-- WHAT YOU HAVE TO DO --
When you copy the listing, skip the images and return each line verbatim.

-- SUPPLIED MATERIAL --
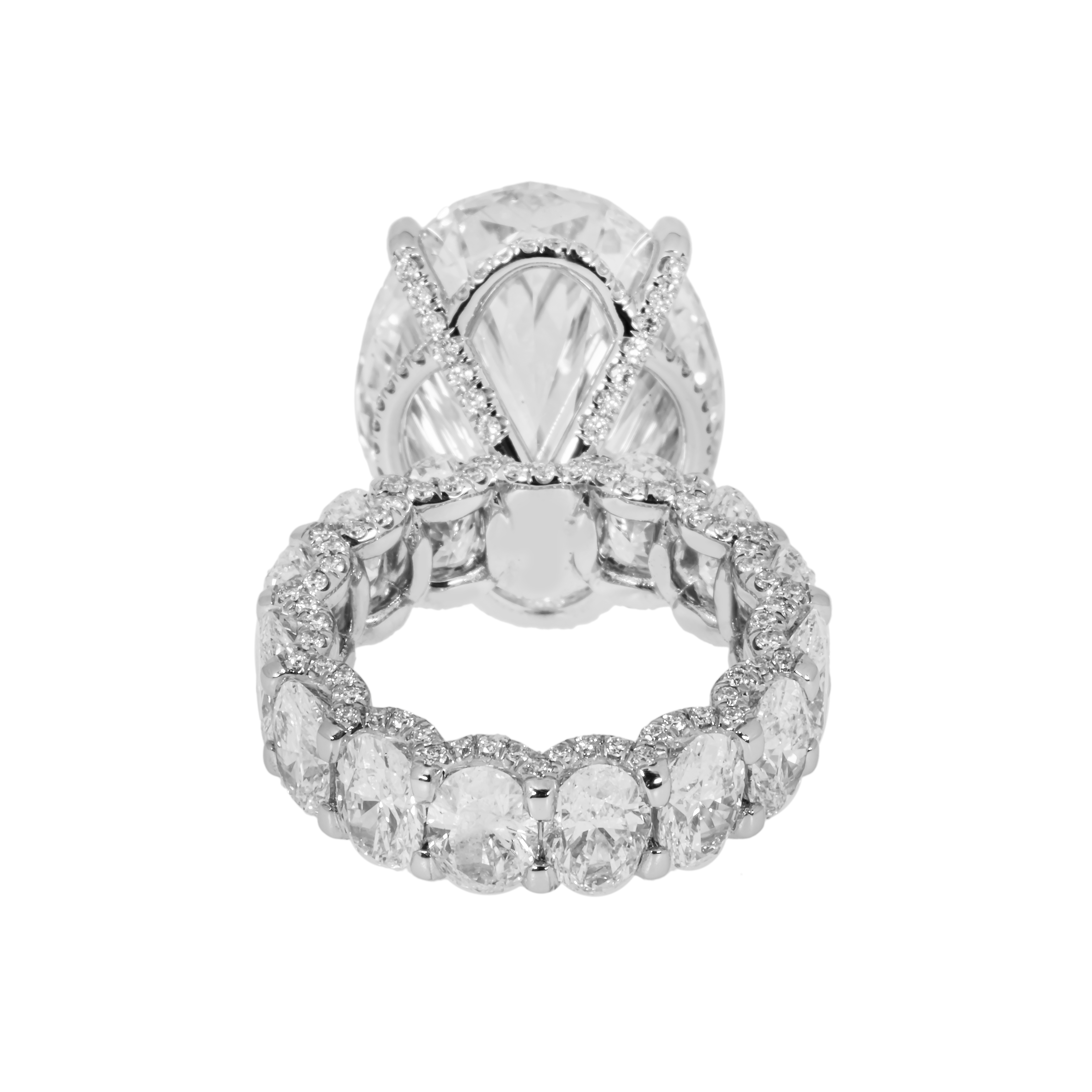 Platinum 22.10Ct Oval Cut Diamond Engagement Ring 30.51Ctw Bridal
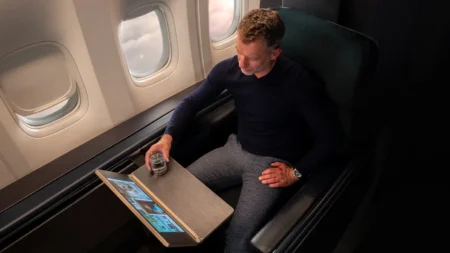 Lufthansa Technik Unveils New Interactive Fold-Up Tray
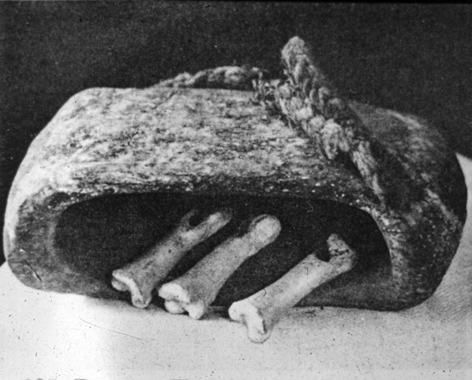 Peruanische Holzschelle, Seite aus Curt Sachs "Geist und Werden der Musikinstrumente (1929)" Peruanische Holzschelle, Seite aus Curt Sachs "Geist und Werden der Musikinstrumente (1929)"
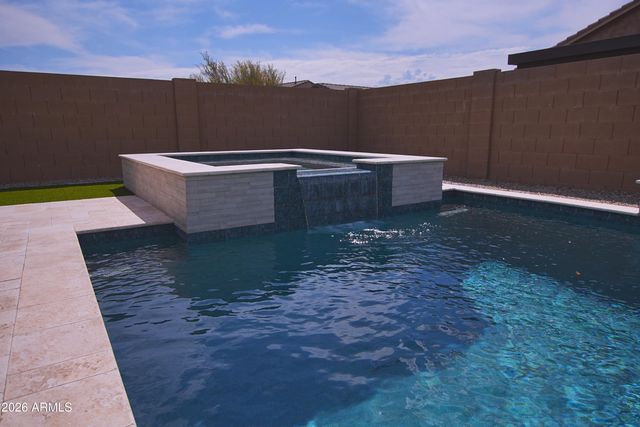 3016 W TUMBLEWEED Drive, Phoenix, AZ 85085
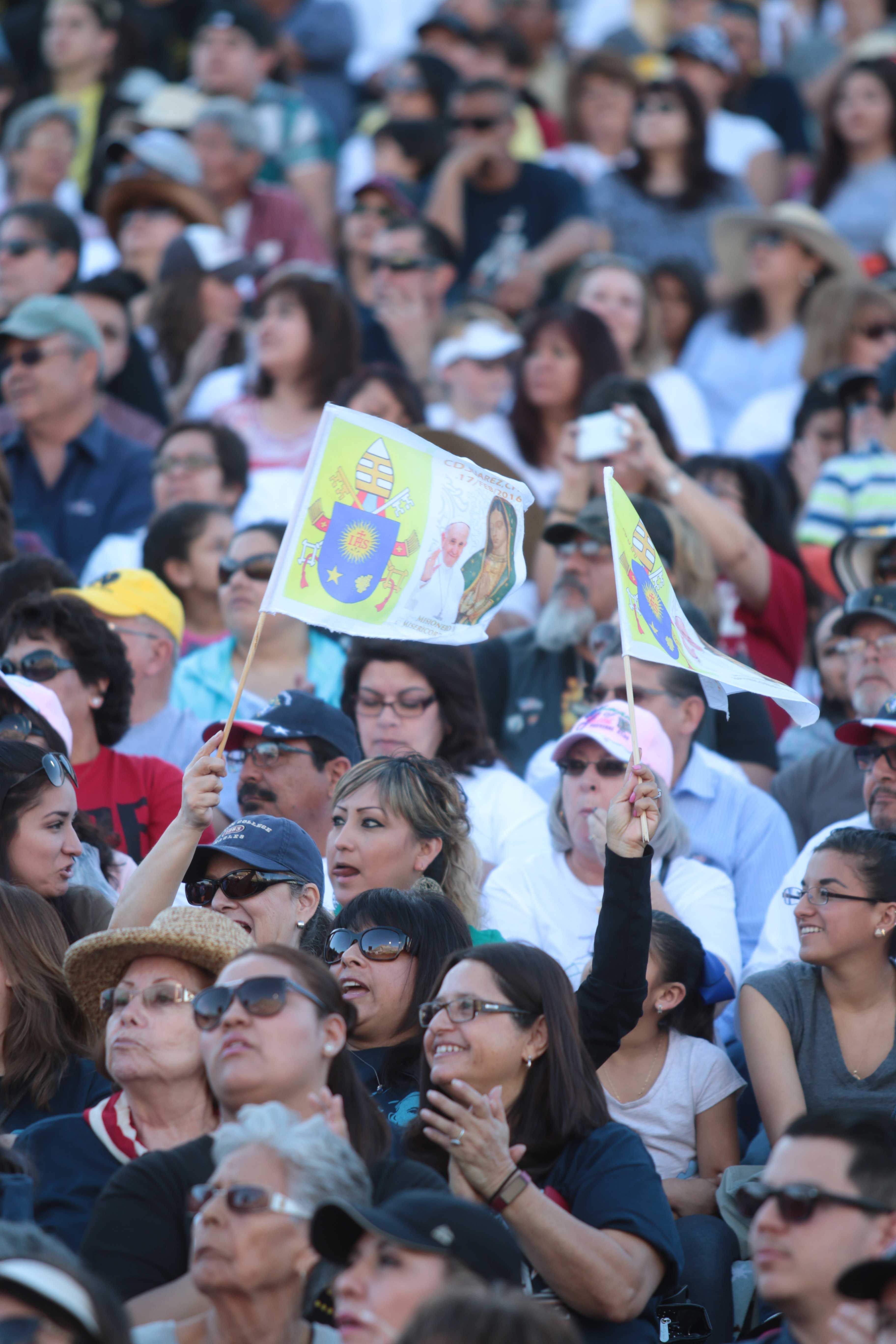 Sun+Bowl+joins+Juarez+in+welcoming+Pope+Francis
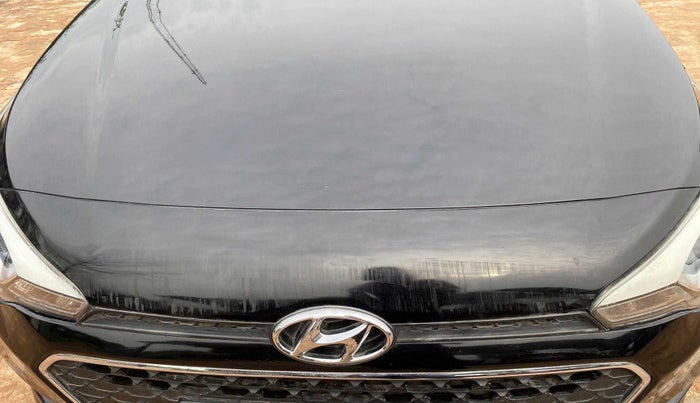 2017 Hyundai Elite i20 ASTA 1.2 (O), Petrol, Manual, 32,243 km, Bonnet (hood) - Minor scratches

-- TASK SOLUTION --
 Platinum 22.10Ct Oval Cut Diamond Engagement Ring 30.51Ctw Bridal
 Lufthansa Technik Unveils New Interactive Fold-Up Tray
 Peruanische Holzschelle, Seite aus Curt Sachs "Geist und Werden der Musikinstrumente (1929)" Peruanische Holzschelle, Seite aus Curt Sachs "Geist und Werden der Musikinstrumente (1929)"
 3016 W TUMBLEWEED Drive, Phoenix, AZ 85085
 Sun+Bowl+joins+Juarez+in+welcoming+Pope+Francis
 2017 Hyundai Elite i20 ASTA 1.2 (O), Petrol, Manual, 32,243 km, Bonnet (hood) - Minor scratches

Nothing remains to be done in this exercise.